AI-produced code often fails on weird but realistic inputs. Property-based tests generate thousands of them for you.

Lean on Hypothesis for Python: Install once (uv add hypothesis) and import strategies to generate realistic data. The Hypothesis quickstart illustrates the core API.
Codify invariants: Instead of hard-coding outputs, assert algebraic laws, ordering guarantees, or round-trip behavior. This keeps tests resilient across alternative implementations the agent might generate.
Seed fixtures: Hypothesis replays failing inputs via the example database, so regression tests stay deterministic in CI.

# tests/test_slugify_props.py
"""Slug helpers must be lowercase, ASCII, and idempotent."""

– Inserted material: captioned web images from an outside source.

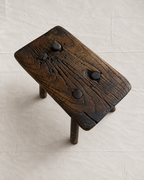 A rustic dark brown wooden stool with a thick rectangular seat, four legs, and four round metal pegs on top, photographed from an elevated angle on a light beige tiled floor.
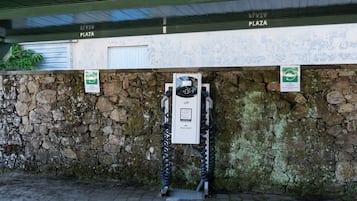 Un área de estacionamiento con estaciones de carga para vehículos eléctricos, un muro de piedra y un edificio con un cartel que dice 'PLAZA'.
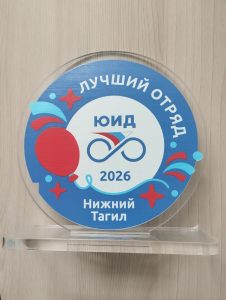 На изображении круглый знак с надписью «Лучший отряд ЮИД 2026 Нижний Тагил». Знак стоит на прозрачной подставке.
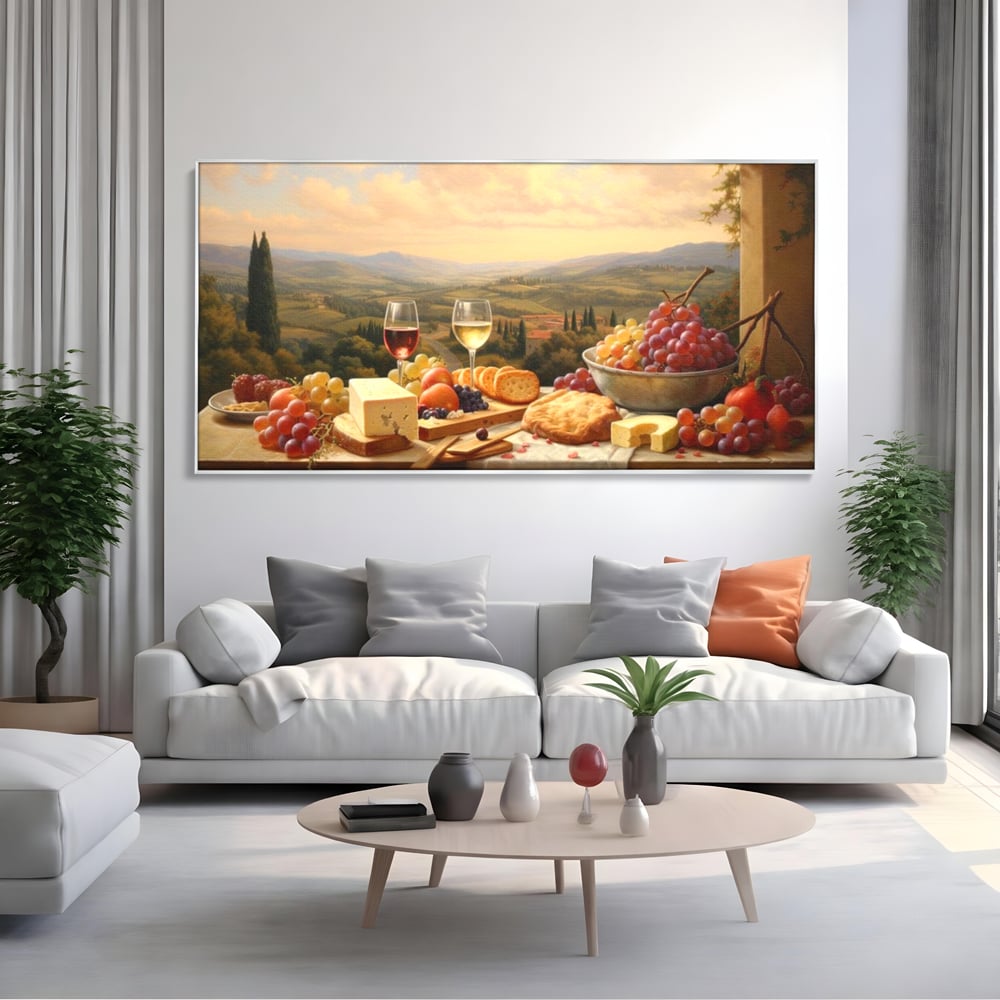 Tablou canvas cu tablou canvas cu peisaj tomnatic si masa imbelsugata, in rama de aluminiu argintiu, pe perete intr-un living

from hypothesis import given, strategies as st


@given(st.text(min_size=1))
def test_slugify_is_idempotent(text: str) -> None:
    slug = slugify(text)
    assert slug == slugify(slug)
    assert slug == slug.lower()
    assert slug.encode("ascii", errors="ignore").decode() == slug

Run it fast:

uv run pytest tests/test_slugify_props.py -q

Coverage and mutation guardrails#

Passing tests mean little if they never execute the risky code paths. Couple coverage metrics with mutation testing to be sure the suite bites back.

Measure the baseline: uv run coverage run -m pytest && uv run coverage report -m verifies new AI patches widen coverage rather than shrinking it. Coverage.py surfaces untouched branches.
Mutate to validate: mutmut flips operators and literals. Surviving mutants expose brittle or missing assertions.

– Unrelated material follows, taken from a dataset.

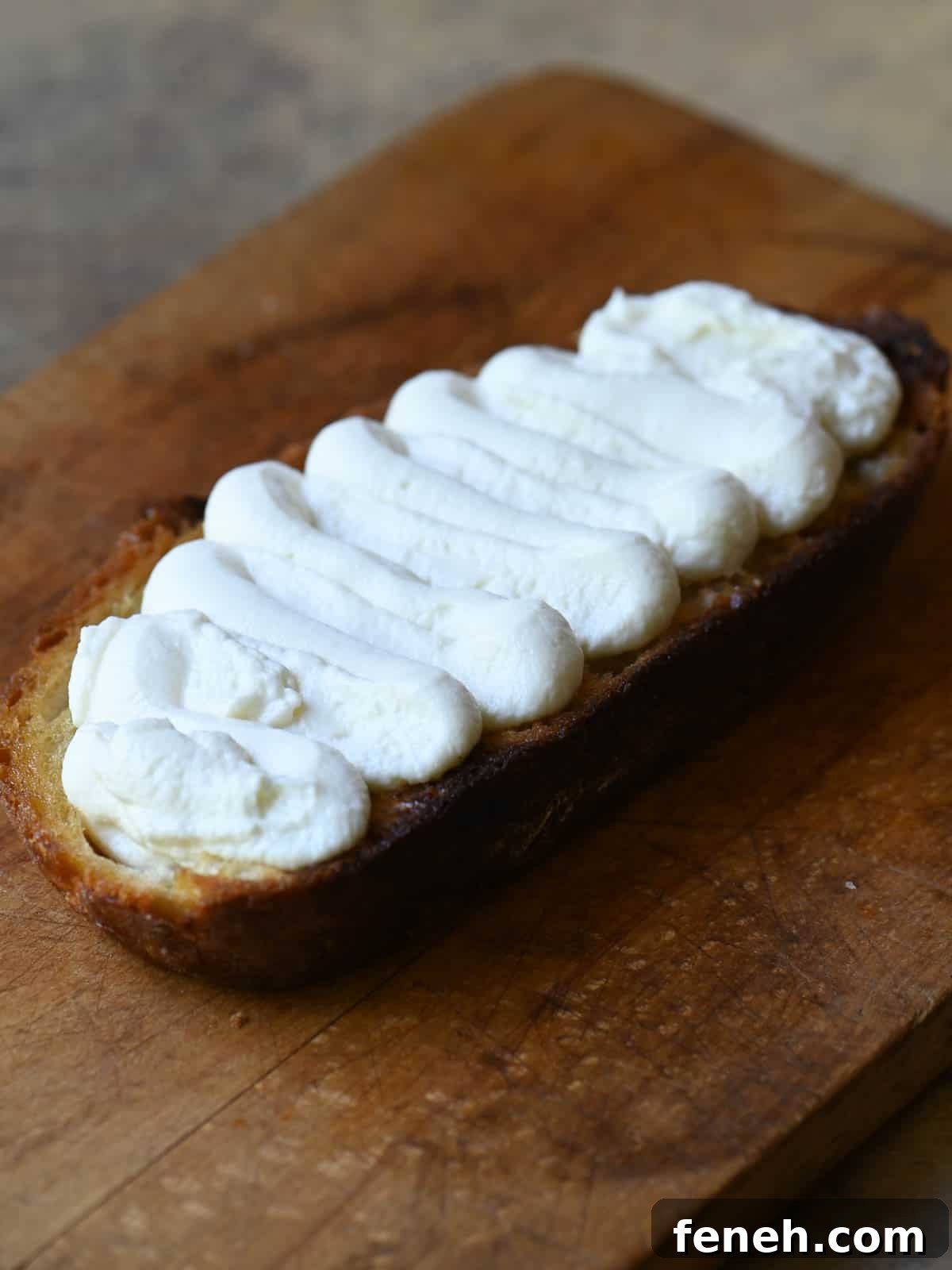 Ricotta toast on a cutting board.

uv run mutmut run --paths-to-mutate package/ --tests-dir tests/
uv run mutmut results

Script nightly guardrails: Run mutation testing asynchronously (nightly or on beefy agents) and file issues for mutants that survive multiple spins.

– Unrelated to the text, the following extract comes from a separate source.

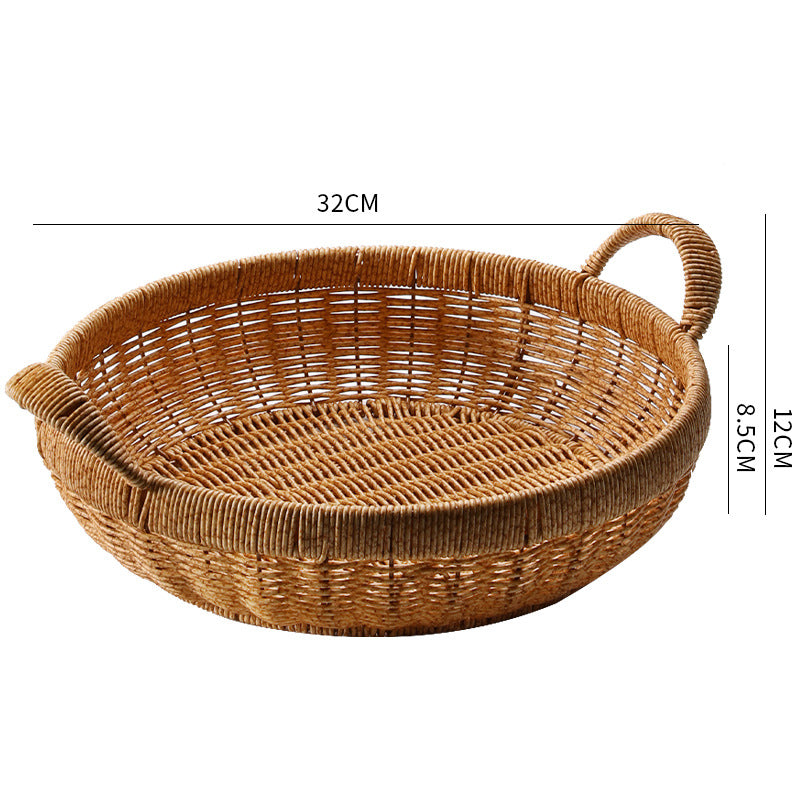 Stylish round bowl basket crafted from durable plastic rattan, featuring a thick border and handles for convenience and elegance.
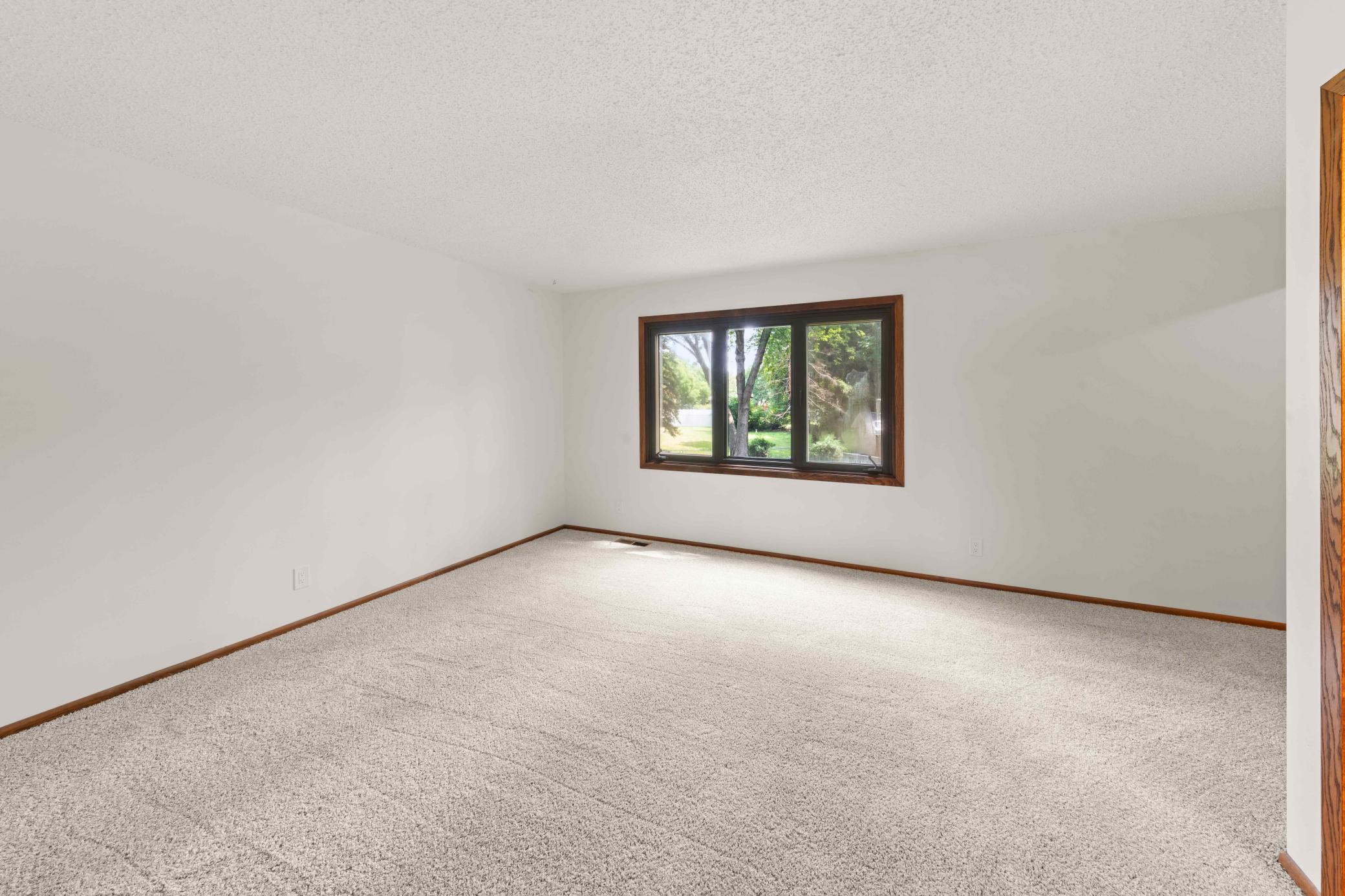 Generously sized owner's suite with fresh neutral finishes, new carpeting and a large window for natural light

Hidden adversarial checks#

Agent-generated code tends to overfit visible tests. Keep a small stash of unseen cases that run in CI but stay out of the prompt history.

Hide tricky fixtures: Store adversarial fixtures (rounded floats, locale surprises, sample vs population stats) under tests/hidden/ and skip them locally with an env flag.
Property + example pairing: Combine Hypothesis strategies with hand-crafted edge fixtures using @pytest.mark.parametrize to guarantee known-bad paths stay covered.
Test data packs: Maintain tiny, versioned fixture bundles for critical domains (currencies, encodings, timezone transitions). Publish them as tests/fixtures/<feature> so agents can read structure but not exact values.

End-to-end smoke bots#

Keep at least one high-value flow green to catch integration bugs even when unit tests pass.

Script minimal Playwright runs: Use Playwright for Python or platform agents to drive the UI the AI just modified.
Sandbox for determinism: Launch against seeded datasets or mock services so AI patches do not flake the smoke tests.

Automate from the CLI:

uv run playwright install chromium
uv run playwright test tests/e2e/smoke.spec.ts --headed=false --repeat-each=2

Agent-in-the-loop: Some coders run Playwright via MCP or Codex sandbox tasks so the AI can verify its own output. Require human review of logs before merge.

LLM-assisted grading (with guardrails)#

Treat LLM judges as advisory signals layered on top of runnable tests.

Prompt from diffs: Provide the patch, the failing test names, and the domain rubric. Ask for a risk score, not approval.
Never skip executables: Only auto-merge if both runnable tests and LLM checks agree.
Log everything: Archive judge prompts/responses for audit; rotate prompts to reduce prompt overfitting.

Operational checklist#

Start every new AI ticket by drafting a failing unit/property test (premortem).
Keep scorecards fast enough to run on every agent iteration (<1 minute ideal).
Enrich suites weekly with at least one new hidden/adversarial case per bug found.
Track coverage deltas and mutation survivors; fix the tests, not the tool.
Document how to run smoke bots locally so humans can verify before merge.